Swigart v. Workers' Compensation Appeal Board

131 A.3d 117, 2015 Pa. Commw. LEXIS 558
CourtCommonwealth Court of Pennsylvania
DecidedDecember 23, 2015
StatusPublished
Cited by5 cases

This text of 131 A.3d 117 (Swigart v. Workers' Compensation Appeal Board) is published on Counsel Stack Legal Research, covering Commonwealth Court of Pennsylvania primary law. Counsel Stack provides free access to over 12 million legal documents including statutes, case law, regulations, and constitutions.

Bluebook
Swigart v. Workers' Compensation Appeal Board, 131 A.3d 117, 2015 Pa. Commw. LEXIS 558 (Pa. Ct. App. 2015).

Opinion

OPINION BY Judge

ANNE E. COVEY.

Thomas J. Swigart (Claimant) petitions this Court for review of the Workers’ Compensation Appeal Board’s (Board) March 9, 2015 order affirming the Workers’ Compensation Judge’s (WCJ) decision denying Claimant’s claim petition (Claim Petition). Claimant presents two issues for this Court’s review: (1) whether the City of Williamsport’s (Employer) medical testimony was incompetent because its expert witness refused to acknowledge the occupational causal presumption; and (2) whether the WCJ abused his discretion by not permitting the rebuttal testimony of Claimant’s additional expert. After review, we affirm.

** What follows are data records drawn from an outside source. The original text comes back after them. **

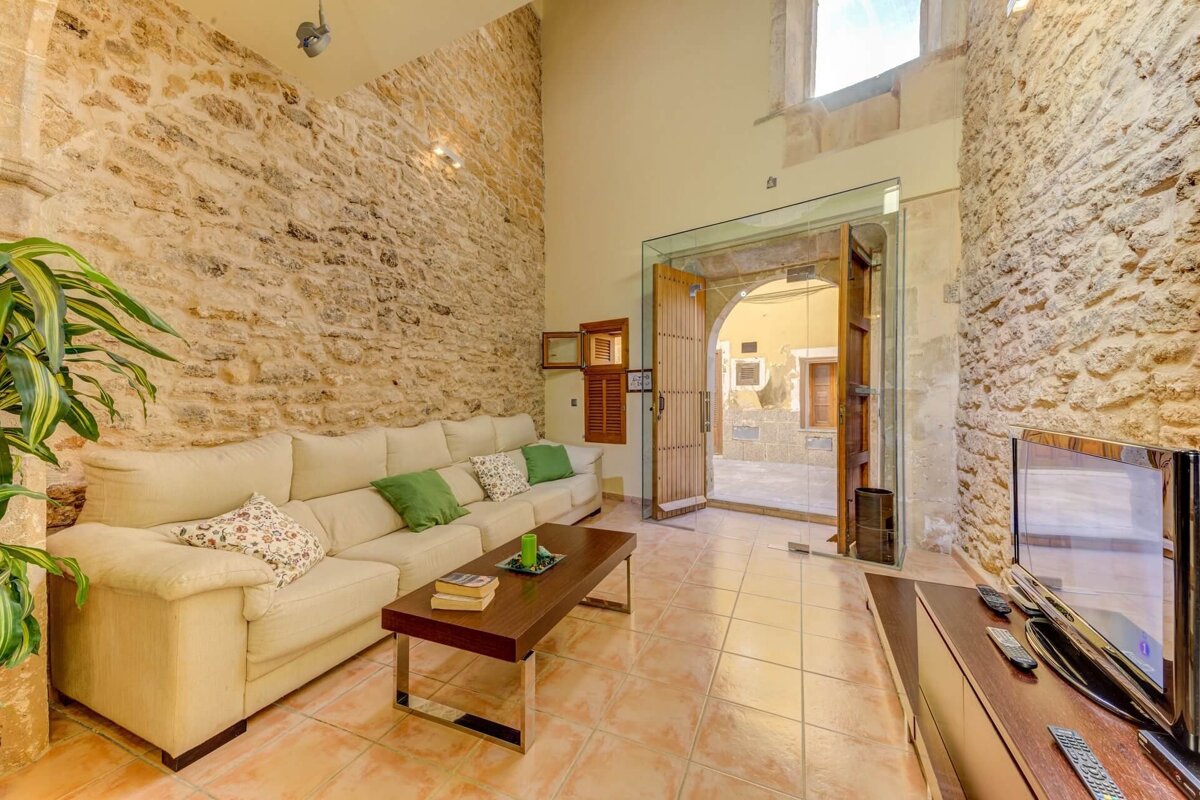 A living room with a couch and a television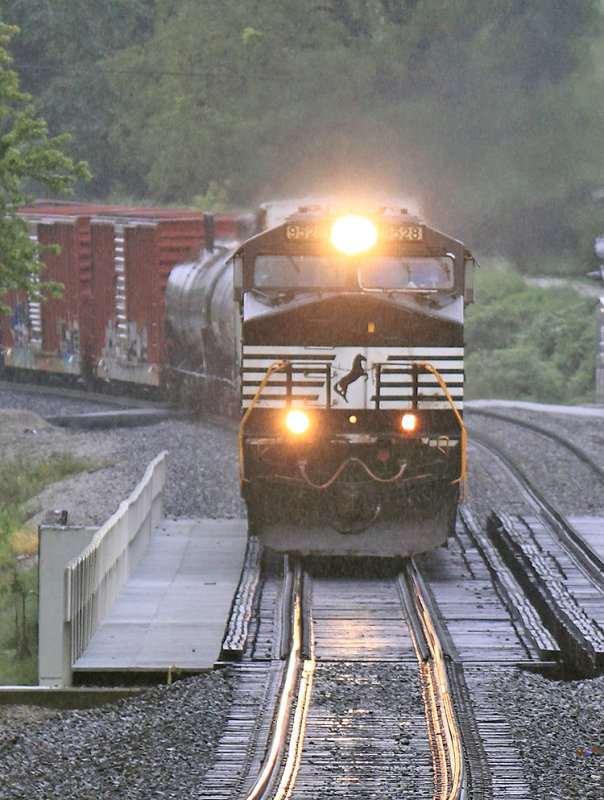 111 crosses the new Pittman Creek bridge in the rain 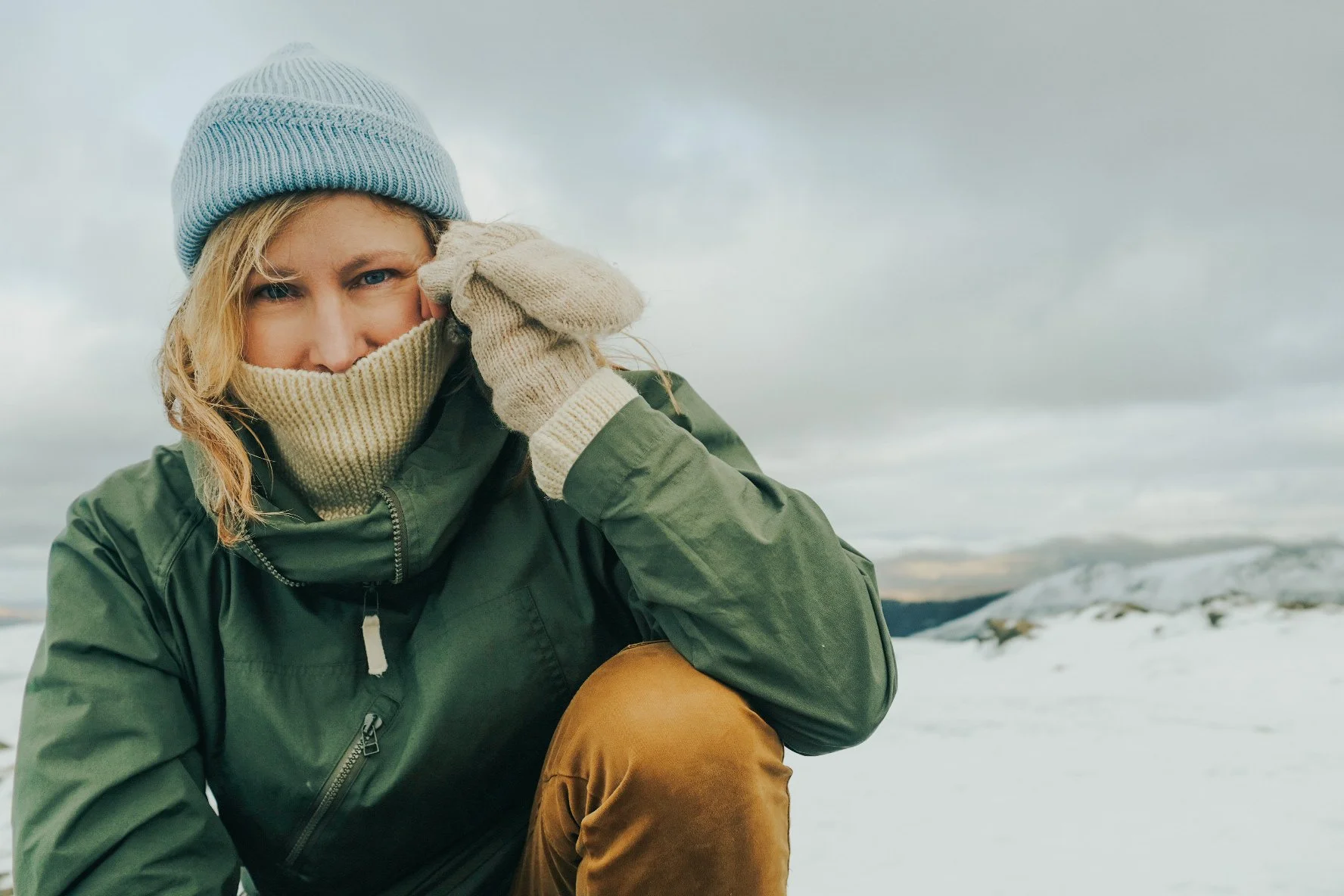 A snowy outdoor clorhing image by Lake District Mountain brand photographer Sarah.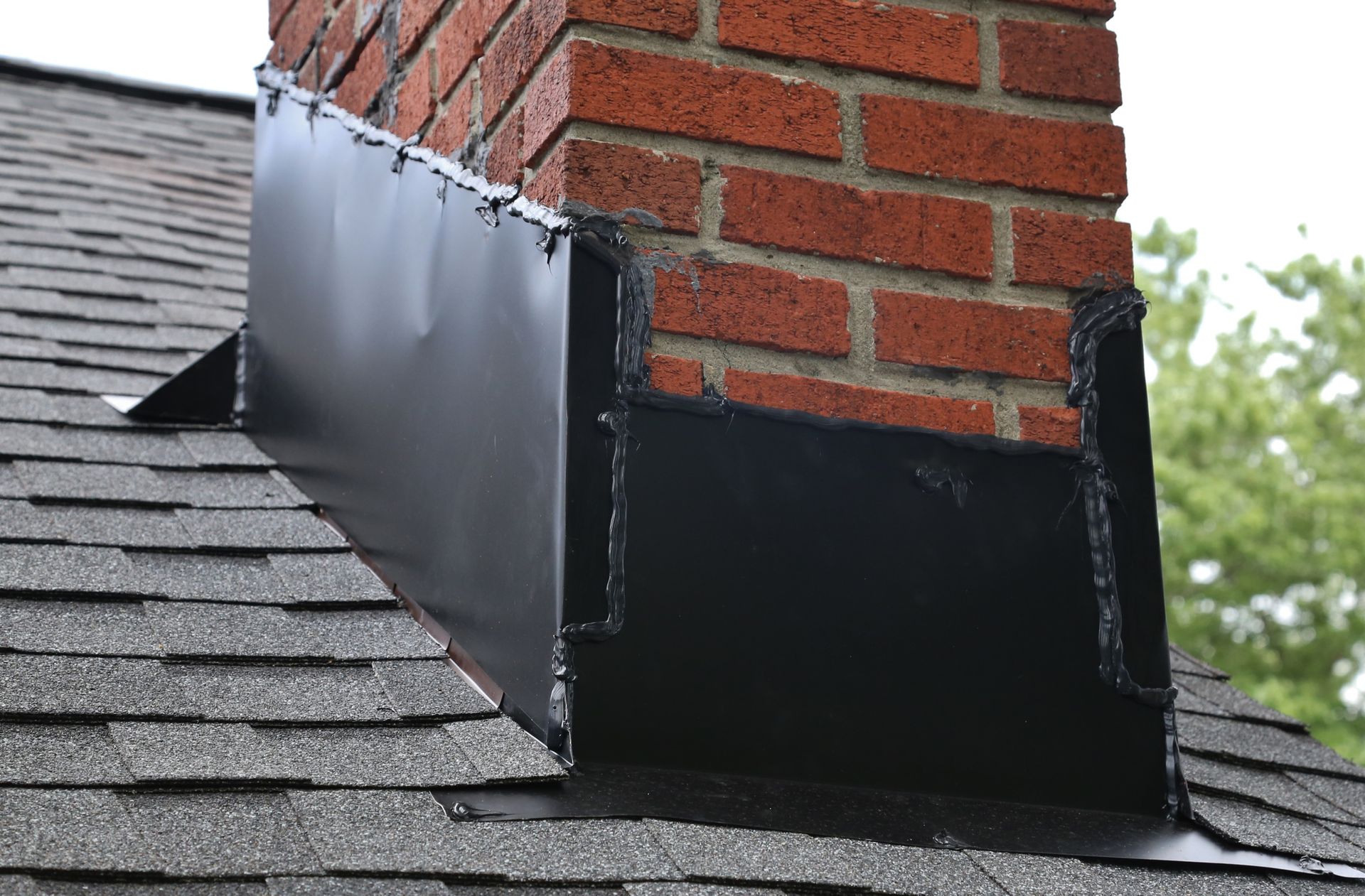 Metal flashing and caulk on a roof and brick chimney – Macungie, PA - Anytime Todd's Chimney Sweeping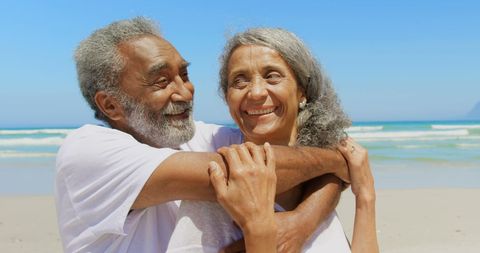 Senior couple embracing joyfully on sunlit beachfront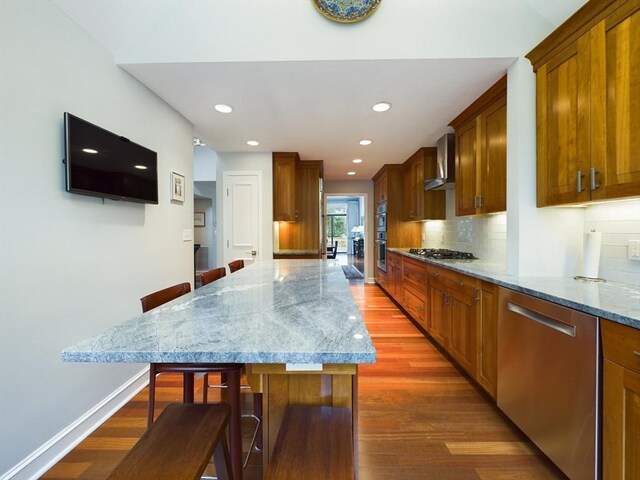 kitchen with wall chimney range hood, dark hardwood / wood-style floors, tasteful backsplash, and stainless steel appliances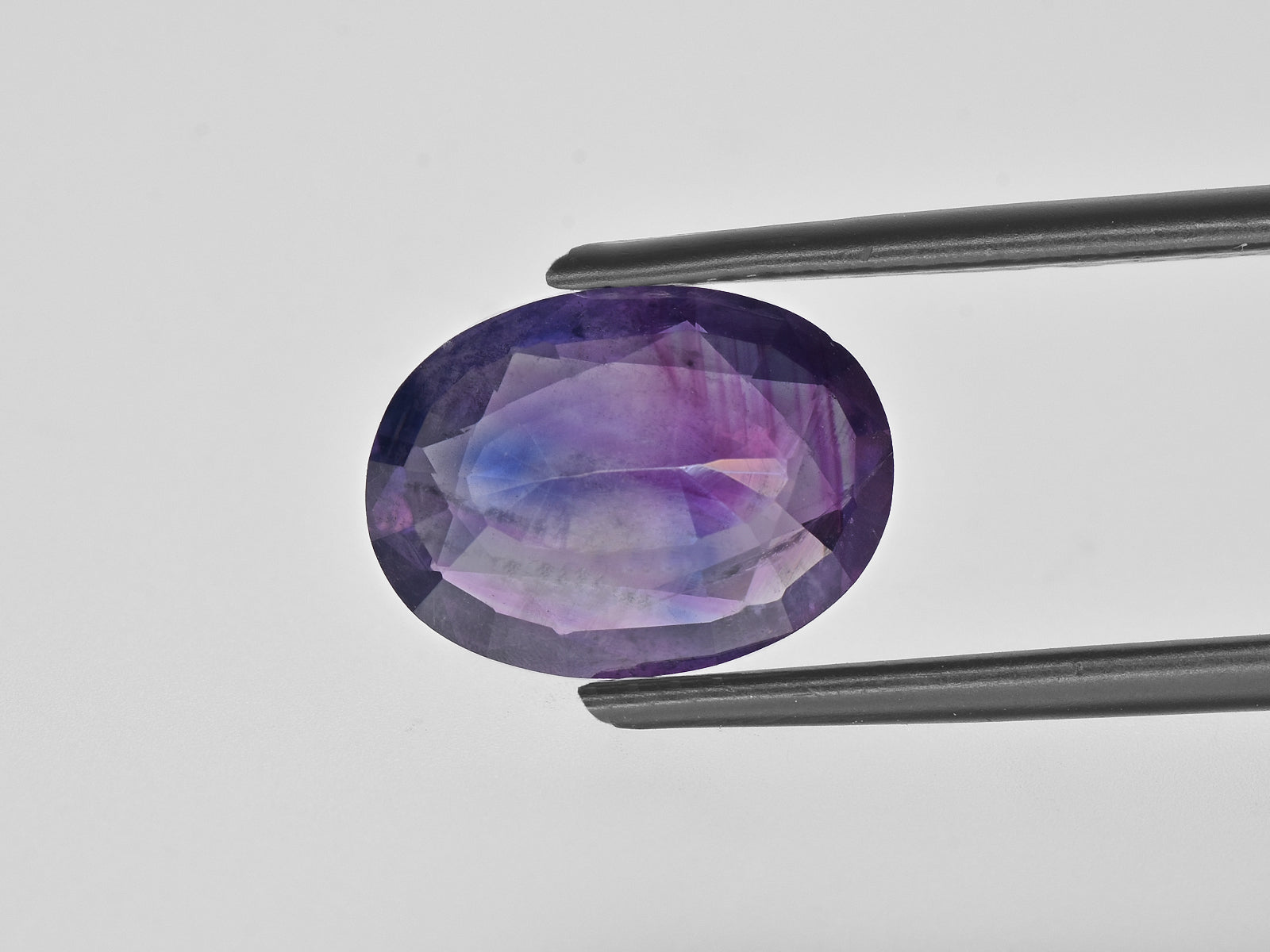8800669-oval-deep-purple-pink-with-blue-patches-igi-pakistan-natural-other-fancy-sapphire-3.62-ct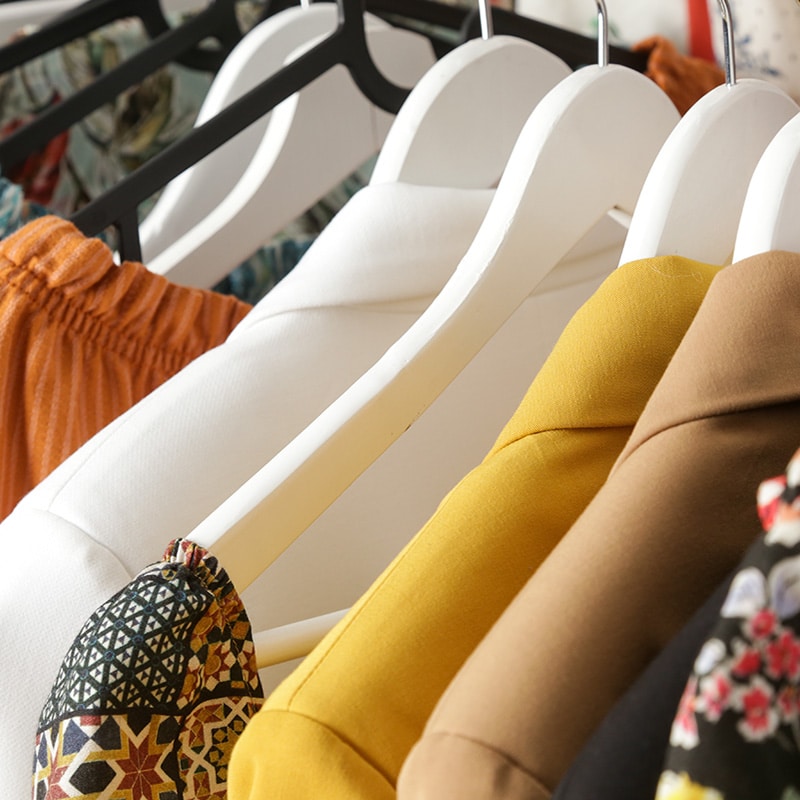 Rack of hanging clothes at St. Joe's Thrift Store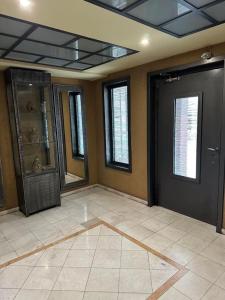 an empty room with a door and a tile floor at Central appartment 2 with parking in Larisa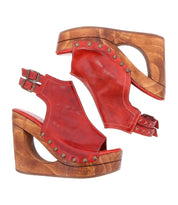 The Imelda sandals from Bed Stu are red leather wedge sandals with wooden soles, embellished with metal studs and designed with an open-toe style and sleek double buckle straps.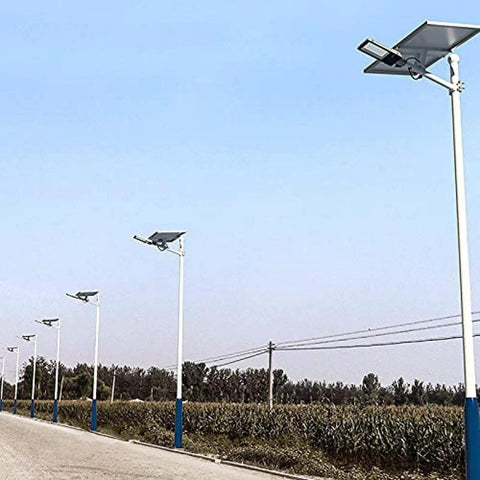 Tough As Nails Outdoor Solar Flood Lights With Smart Motion Sensor illuminating a driveway with sleek design and white poles.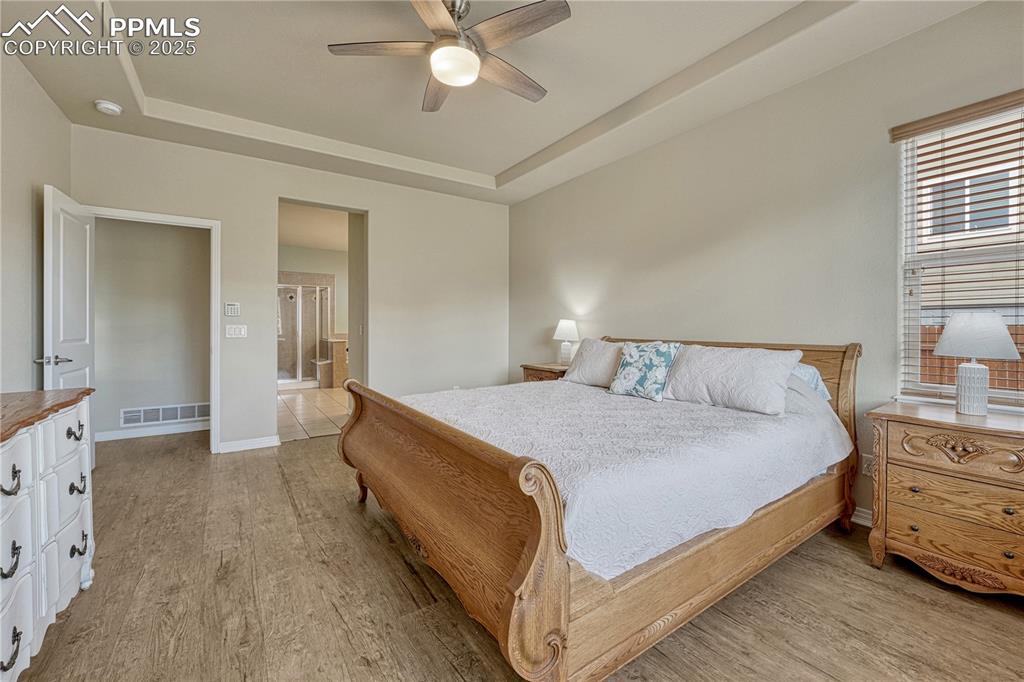 Image 11 of 47: Bedroom with a raised ceiling, light wood-type flooring, a ceiling fan, and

On October 28, 2011, Claimant filed a Claim Petition alleging that he developed chronic obstructive pulmonary disease (COPD) on January 21, 2011 after more than 22 years of work as a firefighter for Employer, during which he was exposed to smoke, fumes, heat, and gasses in times of stress and all weather extremes. Claimant also alleged that his COPD caused him to stop working as of August 9, 2011. By July 15, 2013 decision, the WCJ denied the Claim Petition. The WCJ found that while Claimant has asthmatic bronchitis, that condition does not disable him from working as a firefighter. Thus, the WCJ concluded that Claimant does not benefit from the presumption that his lung condition is a work-related occupational disease pursuant to Sections.301(c)(2), 301(e), and 108(o) of the Workers’ Compensation Act (Act).1 The WCJ also concluded that Claimant did not meet his burden of prov[119]*119ing a work injury under Section 301(c)(1) of the Act, 77 P.S § 411(1), because his medical evidence regarding the causal .relationship of his lung condition to his firefighting was equivocal. Claimant appealed to the Board. On March 9, 2015, the Board affirmed the WCJ’s decision. Claimant appealed to this Court.2

Claimant first argues that Employer’s medical testimony was incompetent because its expert witness explicitly refused to acknowledge the occupational causal presumption given to firefighters with a disease of the heart and lungs. .We disagree.

Initially, Section 301(e) of the Act provides:

If it be shown that the employe, at or immediately before the date of disability, was employed in any occupation or industry in which the occupational disease is a hazard, it shall be presumed that the employe’s occupational disease arose out of and in the course of his employment, but this presumption shall hot be conclusive.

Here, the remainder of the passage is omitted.